Le ministre a révélé que «sur 143 milliards de DH d’importation, il est possible de produire localement 34 milliards de DH car nous avons la compétitivité nécessaire. Cette valeur peut être extensible à 51 milliards de DH. Pour ce que nous ne pouvons pas produire, il faut miser sur la recherche et développement pour avoir le savoir-faire nécessaire». A cet égard, il a noté que «le Made in Morocco est notre ambition qui ne peut être consolidée qu’à travers les compétences et les projets réalisés sur le terrain». Il a donné comme exemple l’essor réalisé au niveau du secteur de l’automobile ou de l’aéronautique.
Lentement, mais sûrement, les marques marocaines s’imposent progressivement aussi bien dans leur environnement local qu’à l’international. Du secteur industriel à la santé, elles sont de plus en plus nombreuses à batailler à des niveaux élevés en matière de prestige et de qualité. Ces marques et enseignes marocaines exercent dans des domaines où la compétition est très rude et où les normes sont strictes. Le Made in Morocco ne concerne pas uniquement la fabrication de produits ou l’offre de services, mais également la formation des ressources humaines. Dans ce sens, Nada Biaz, Directrice générale du Groupe ISCAE, a fait savoir que les Iscaéistes sont véritablement des managers «made in Morocco», puisque l’institution est ancrée dans son histoire, imprégnée de sa culture, baignée dans son environnement économique national, avec une ouverture sur le monde, et au fait des tendances internationales. Elle a souligné que le lauréat de l’ISCAE est formé pour comprendre et travailler dans un contexte national, mais il connait aussi les enjeux internationaux et peut travailler dans des contextes économiques et culturels très différents.
Évoquant le rôle de cet établissement, Biaz a indiqué qu’«il a veillé durant ces 5 décennies à la formation de managers et de décideurs outillés pour les enjeux de leur époque et capables de porter la vision commune pour le développement de notre pays». D’autres intervenants de renom ont mis en exergue leur expérience pour développer des entreprises locales et se projeter à l’international, à l’image de Adil Douiri, ex-ministre et président du groupe Mutandis.
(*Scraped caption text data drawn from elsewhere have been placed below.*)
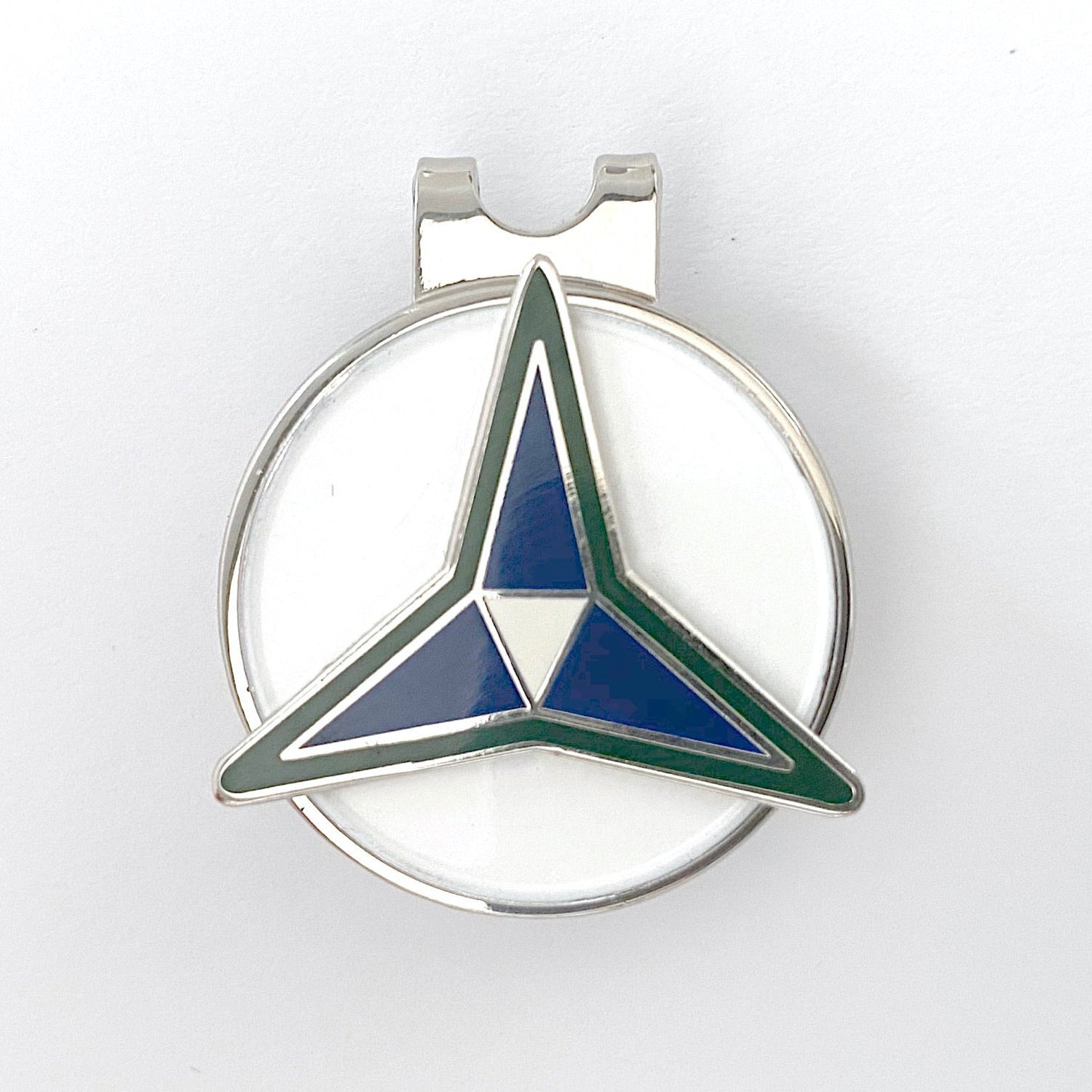 A silver golf hat clip with a blue and green III Corps centerpiece design.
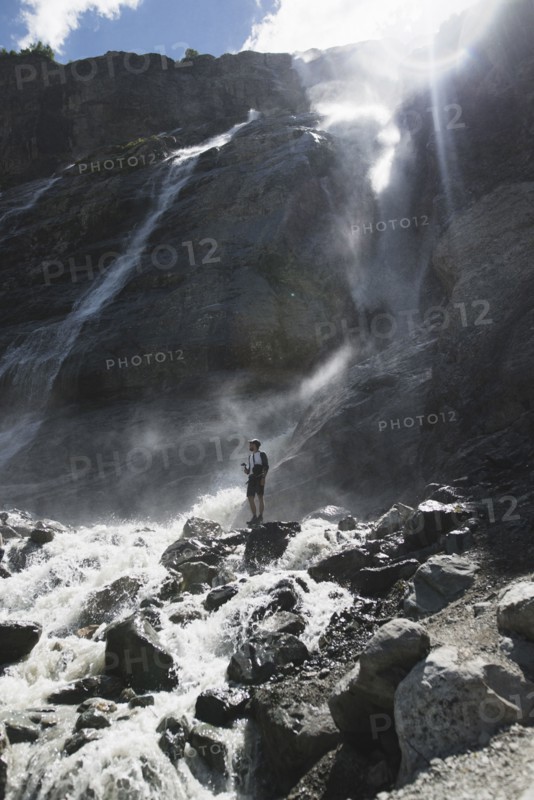Man standing near Sofiyskiye Vodopady waterfall in Caucasus Mountains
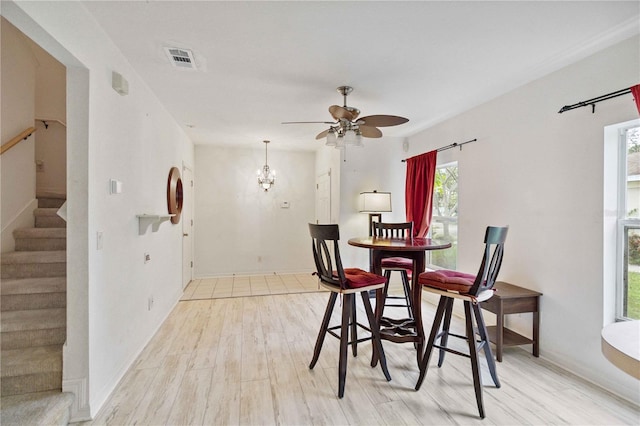 2303 28th Ave E, Palmetto, FL 34221 - dining space with light wood-type flooring, stairs, and ceiling fan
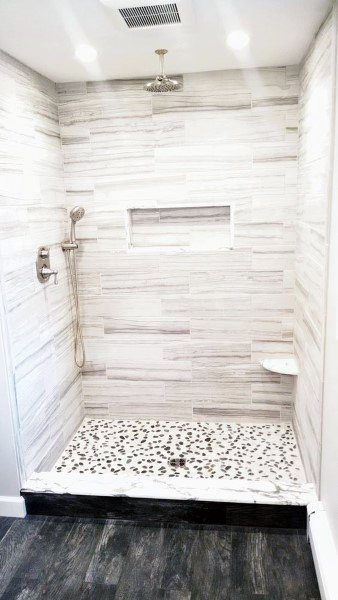 White shower with horizontal stone-like tiles and a pebble tile floor featuring a built-in shower niche.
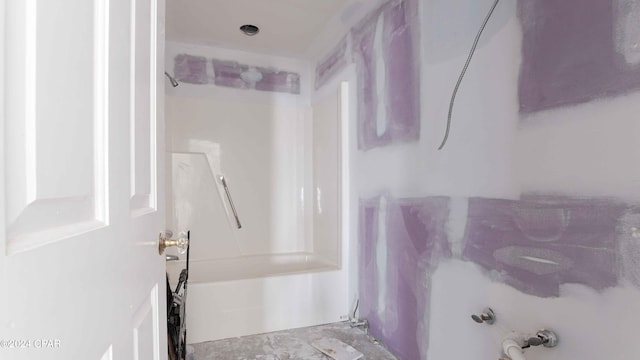 bathroom featuring  shower combination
«A une certaine époque, on disait que le Maroc a raté l’étape de l’industrialisation. Mais avec les progrès réalisés actuellement surtout dans certaines filières, cette idée n’a plus raison d’être. Le Maroc a besoin d’acteurs étrangers, mais aussi locaux. La souveraineté économique ne peut être consolidée sans un ancrage des centres de décision. Pour être compétitif, il faut produire non seulement à moindre coût et une bonne qualité, mais aussi avoir la maîtrise de ses outils de production et un positionnement durable dans le marché», a indiqué Douiri. Avant d’engager la bataille à l’international, le premier enjeu demeure local. Et à ce propos, dans les différents centres commerciaux, gares et lieux de vie au Maroc, le défi est encore de taille afin de réussir à faire installer des marques et enseignes marocaines capables de concurrencer celles mondialement connues.